Mas, enfim, vários amigos meus ficaram encantados com o livro, e até o meu pai falou meia hora sobre ele, de modo que um ciúme e uma inveja doentios me indispuseram contra a leitura. Porque quem sou eu, o Buda?

Agora que li, encontro um elogio pra fazer: com seus campesinos nobres lutando contra a opressão, e fazendo discursos cheios de dignidade sobre o que é o certo e o errado, Torto Arado é o melhor livro de literatura soviética escrito no Brasil nos últimos três anos.

***

Por falar em causas boazinhas da moda, vocês talvez tenham visto que está para abrir uma livraria em São Paulo que só vai vender livros escritos por mulheres.

Acho um erro, e já digo o motivo.

A literatura é desde a antiguidade vista como uma luta entre o escritor e os seus antecessores.
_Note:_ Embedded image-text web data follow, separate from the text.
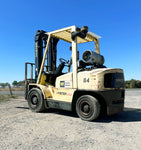 2004 Hyster H80XM Forklift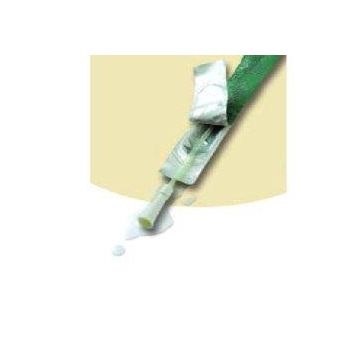 Catetere vescicale autolubrificante idrofilo pronto all'uso per donna speedicath misura ch16 30 pezzi articolo 28516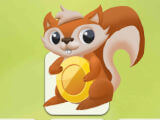 Chipmunk in Word Life Chipmunk in Word Life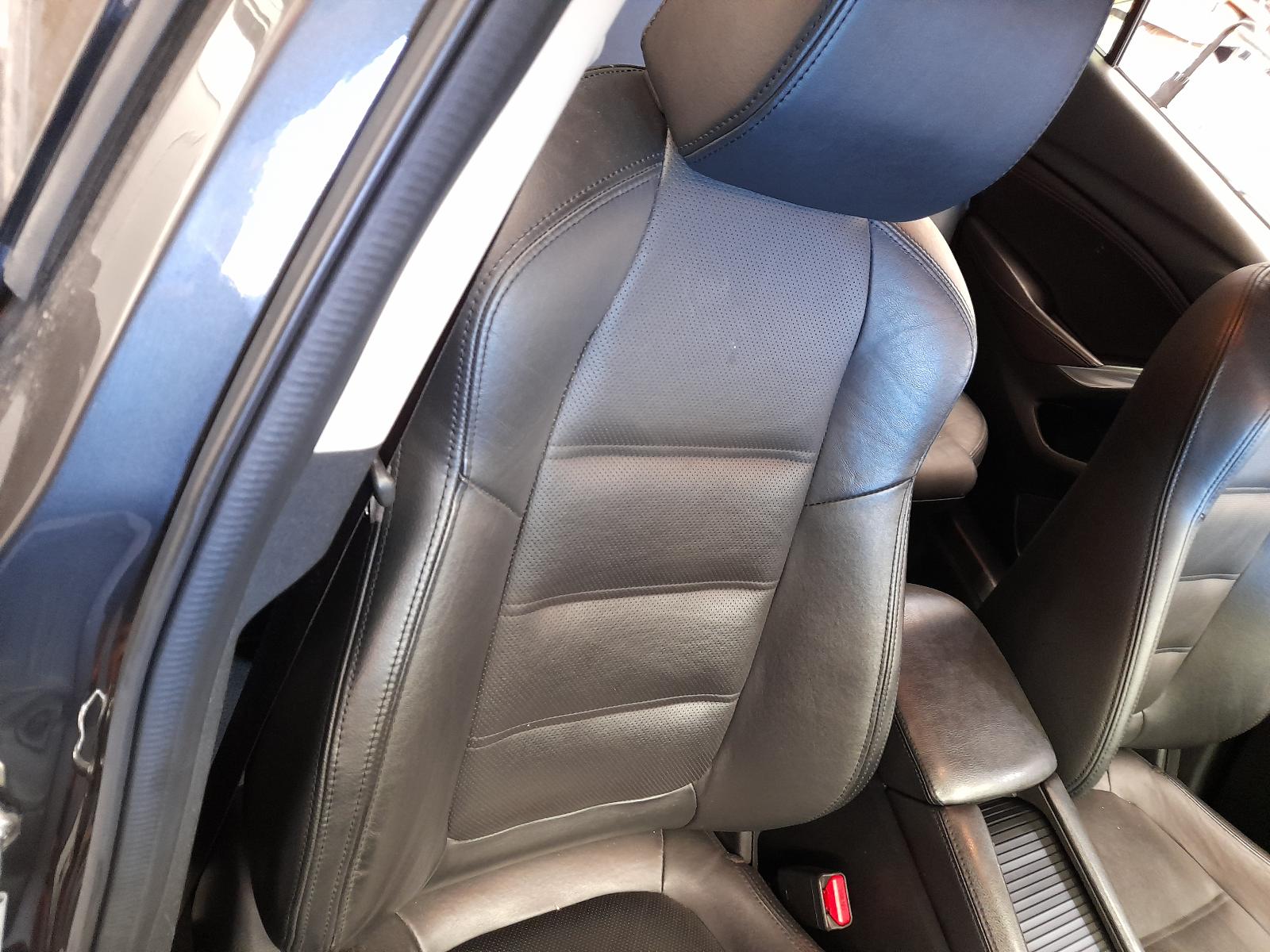 View Auto part R/Bar Bracket/Reinfo Mazda 6 2016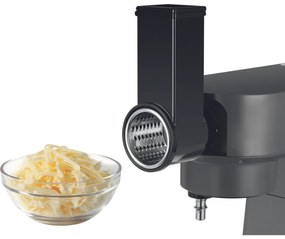 ECG Forza 7800 Ultimo Scuro konyhai robotgép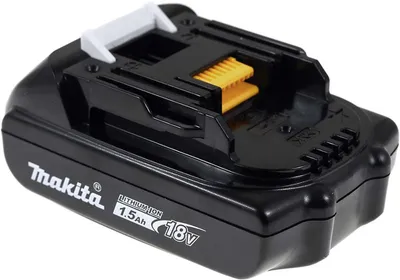 Produktbild von Akku für Makita Typ BL1815N Original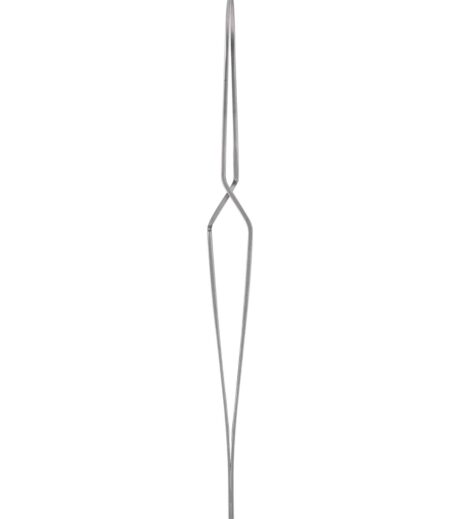 Fine Forceps – Self-Closing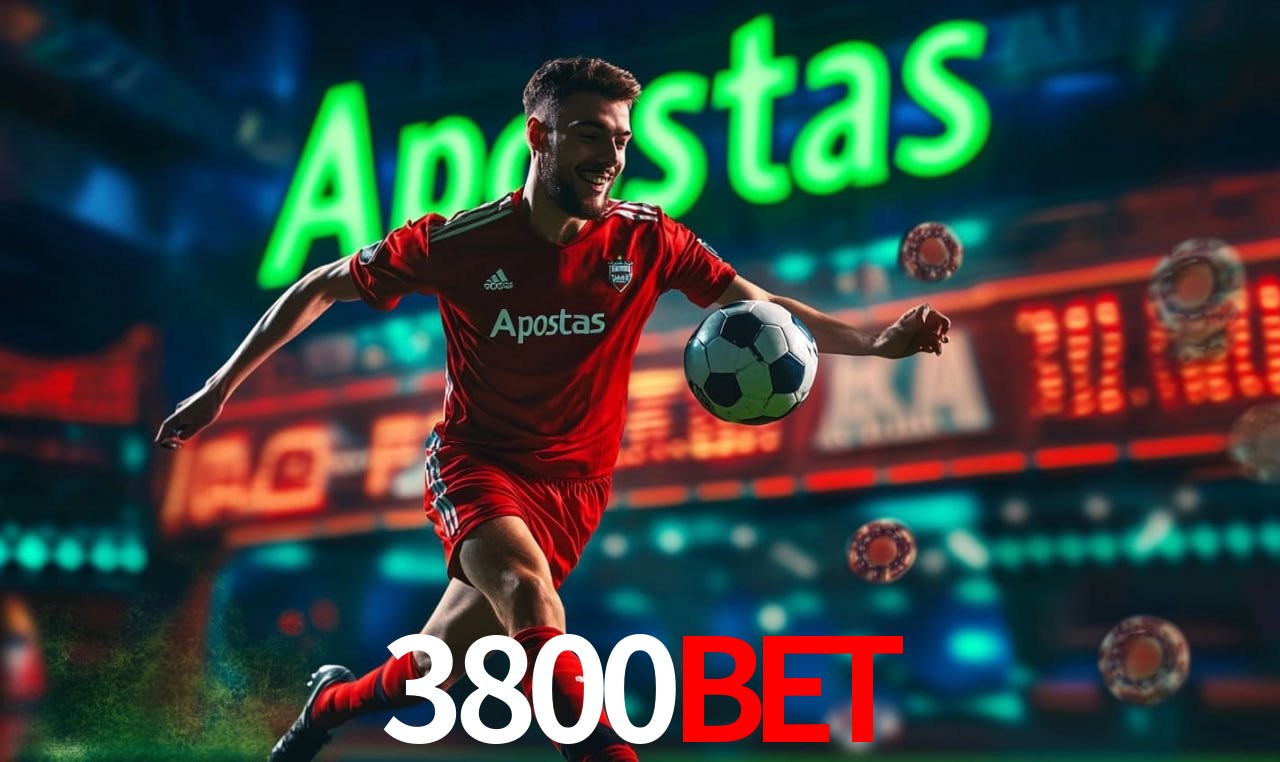 Jogos Exclusivos 3800bet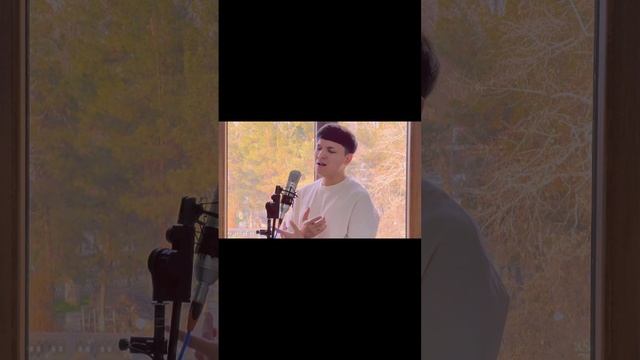 Баста & Zivert - Неболей | Акмаль - Неболей (cover 2023)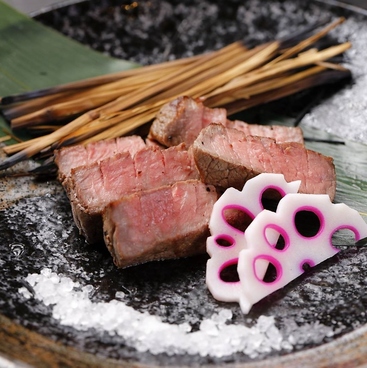 海鮮とお肉のHIRAKUのおすすめ料理1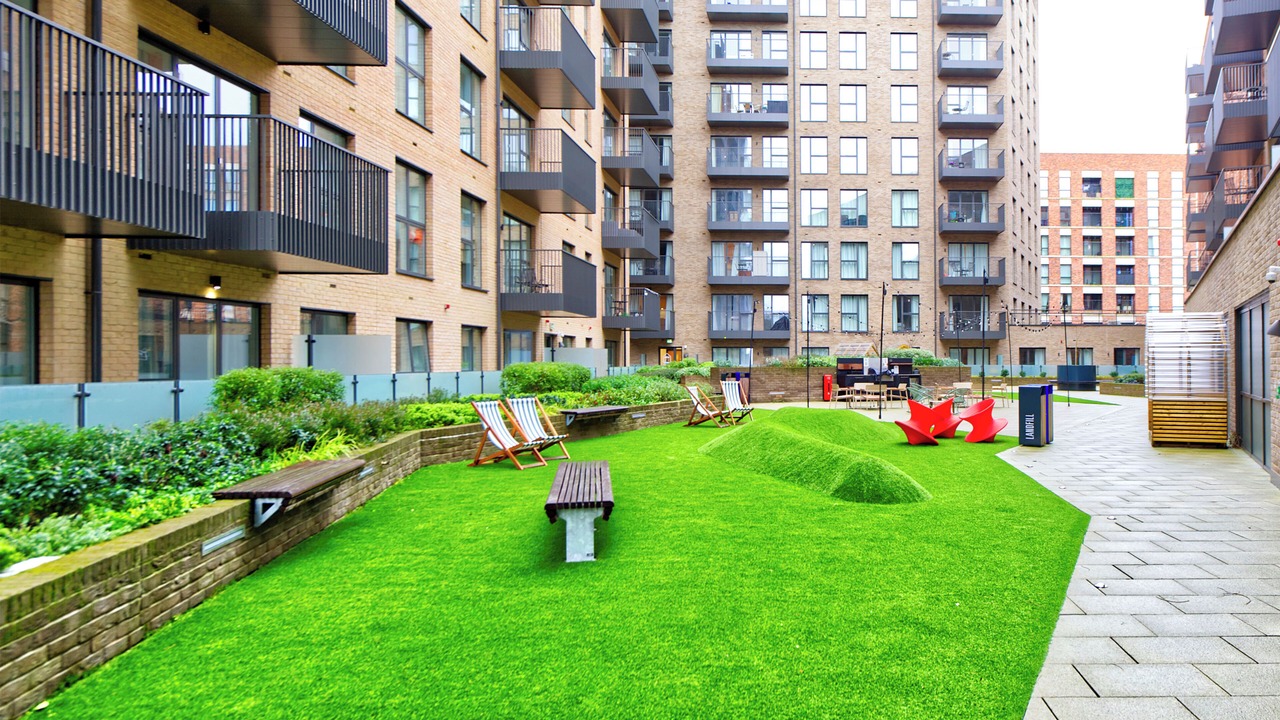 Photo of Outdoor in Whittington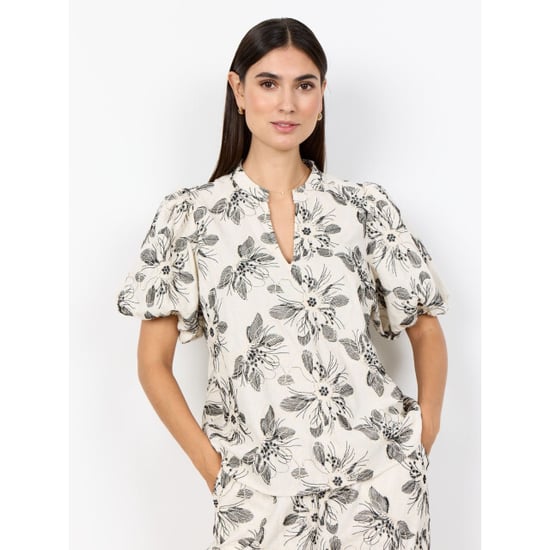 Soyaconcept Sc-gabriele 1 blouse - Image 1
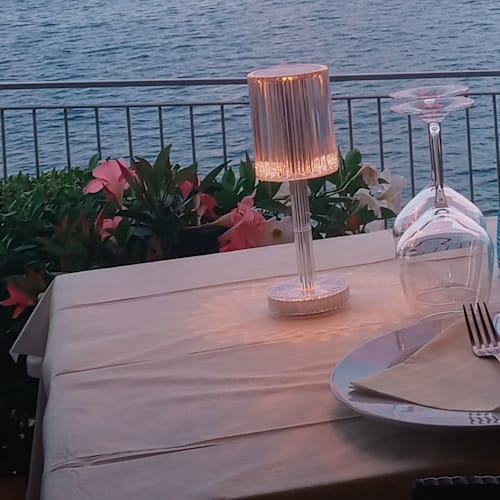 Orlando Osteria, Porto Santo Stefano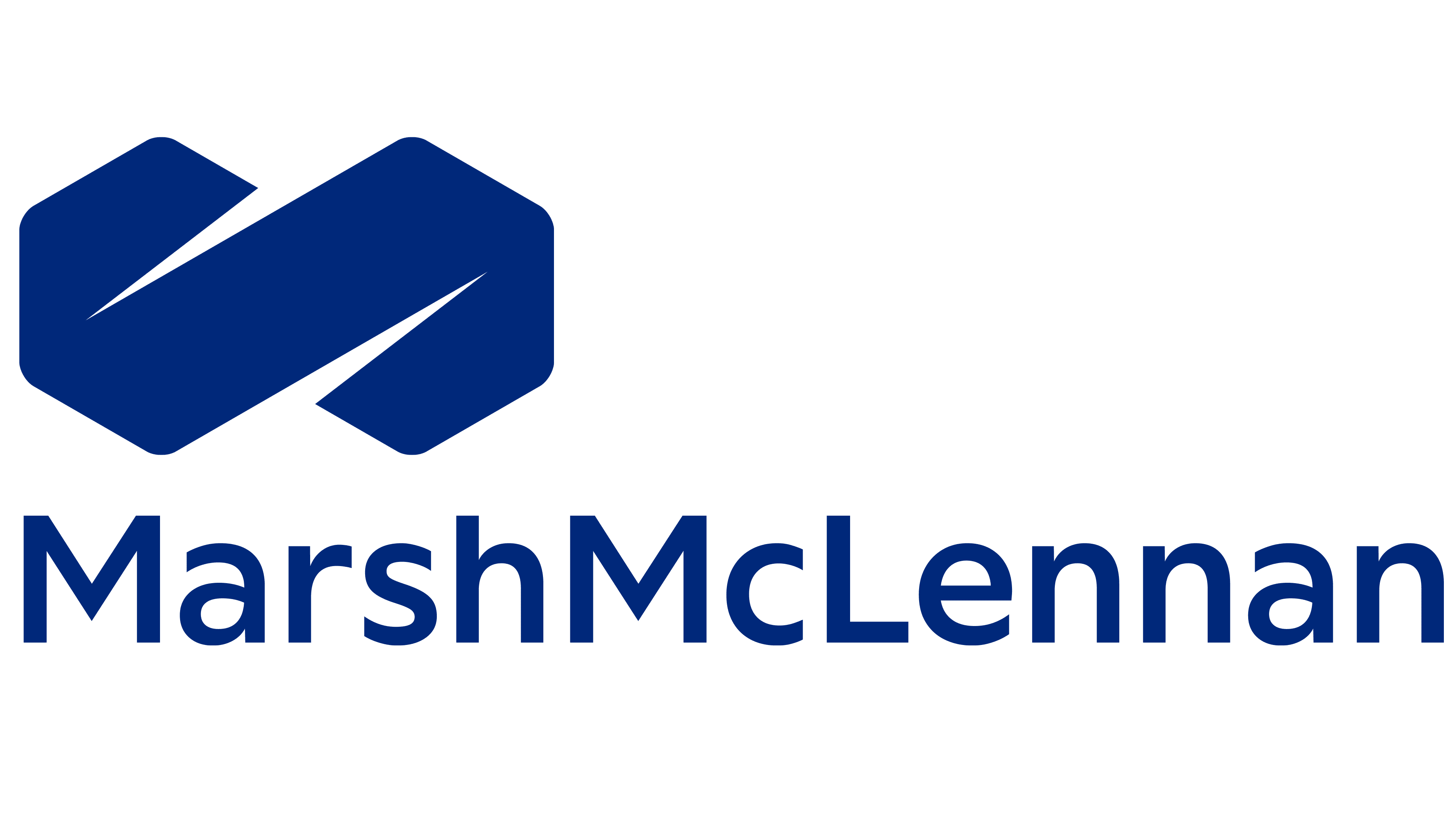 Marsh McLennan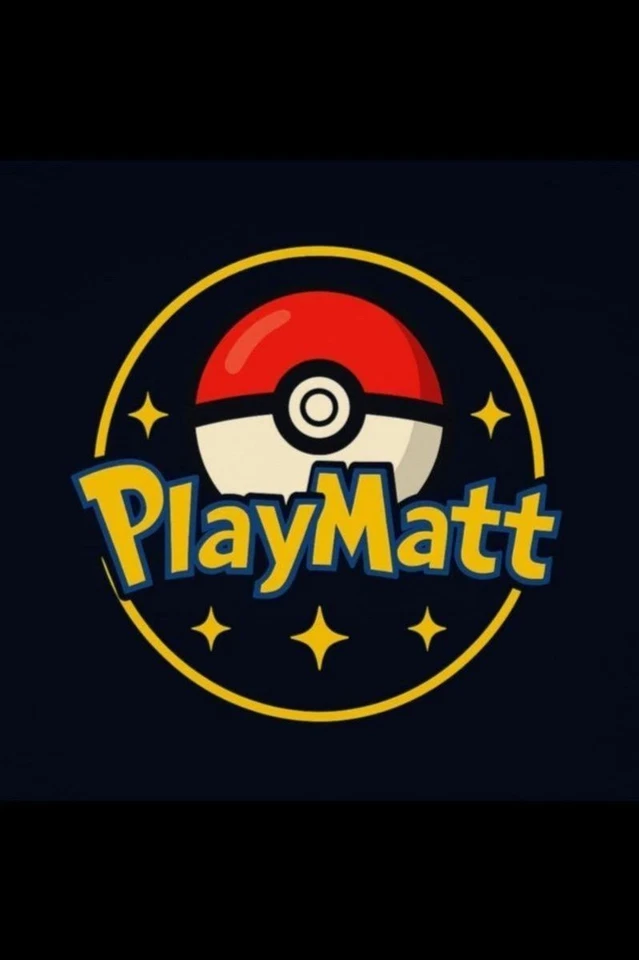 Friday Fun With Matt LETS GO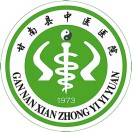 甘南县中医院标志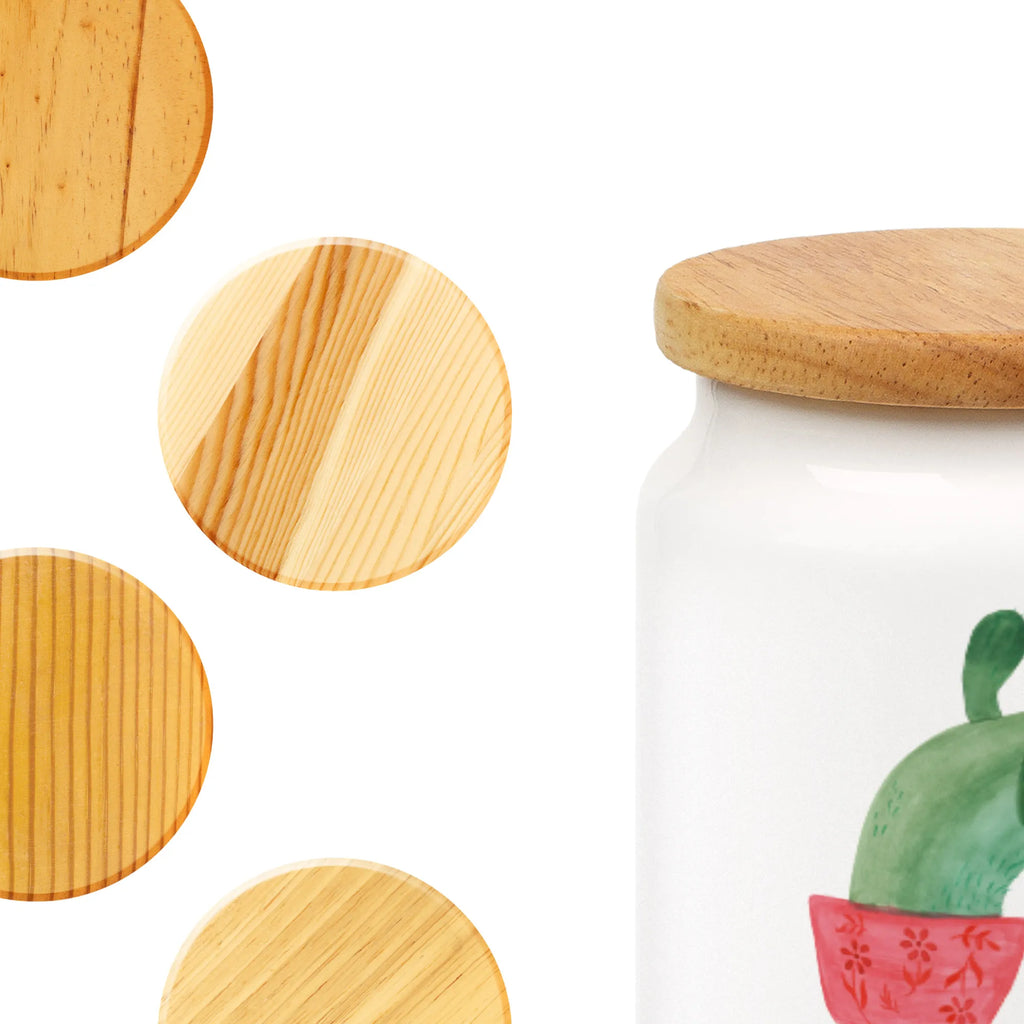 Pojemnik na żywność kaktus Mama Kaktus, Kaktusy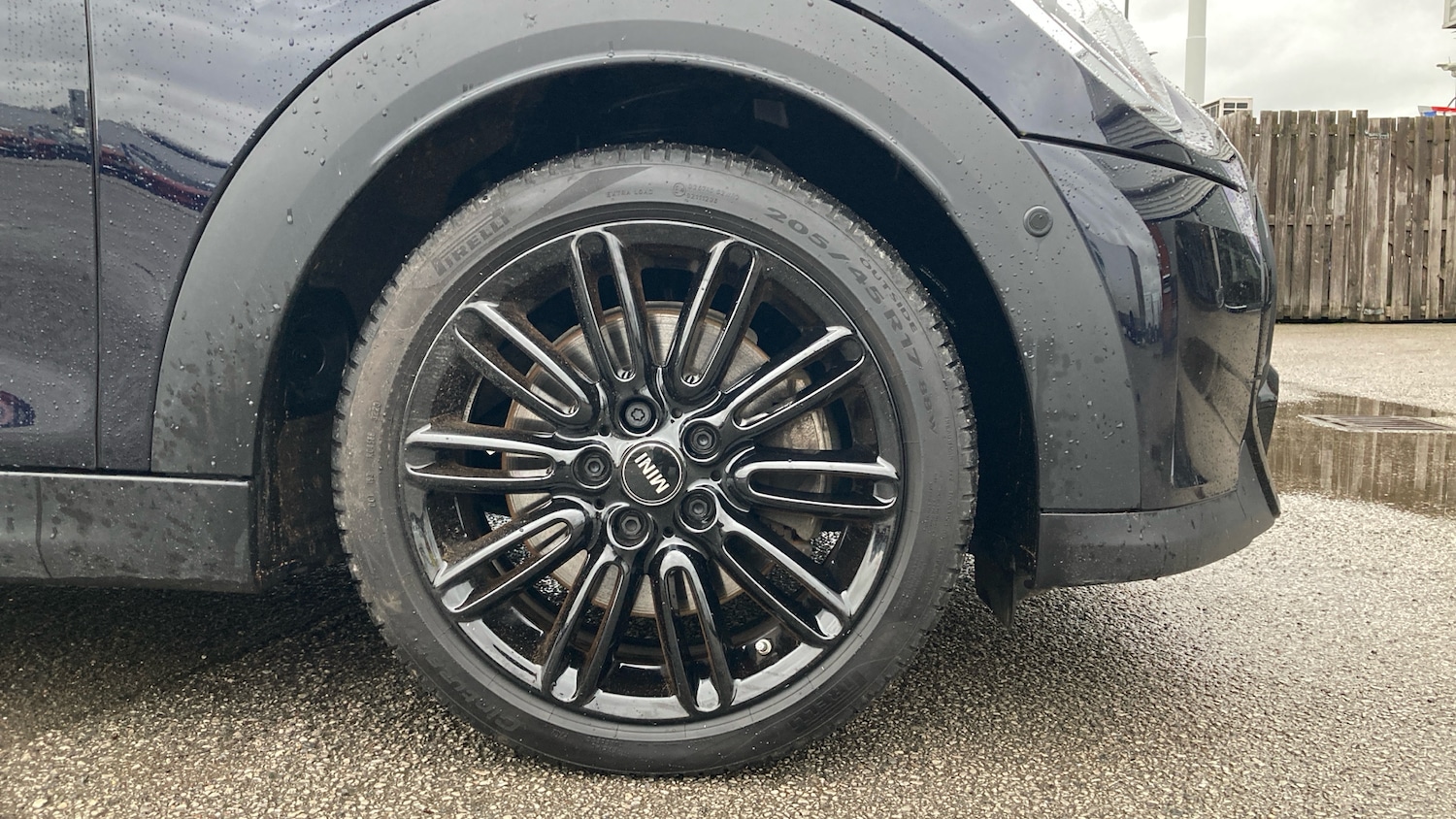 Used MINI Cooper 2023 for sale - 76763108: Photo 7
Vejam Longino, no século I A.C.: ”Belo, na verdade, e merecedor de coroa de glória é esse combate em que mesmo em ser derrotado pelas gerações anteriores não deixa de haver glória.” E, numa entrevista, Hemingway disse que lutou contra e venceu “Mr Turgueniev” e “Mr de Maupassant”, que teve dois empates com “Mr Stendhal”, e que não era louco de subir no ringue com Tolstói.

Pois bem, me parece um erro enorme que justamente nesse campo, em que não existe motivo nenhum para que as mulheres não possam entrar em uma competição mista com os homens, e às vezes ganhar, elas fiquem excluídas numa competição à parte.

É uma tolice, porque Jane Austen pode perfeitamente entrar no ringue e enfrentar Dickens, assim como Emily Brontë pode enfrentar Lord Byron. E, claro, Raquel de Queiroz pode muito bem enfrentar o Itamar Vieira Junior, com alguma vantagem até – sem que as suas fãs precisem vir arrancá-la do ringue para ir lutar só entre elas.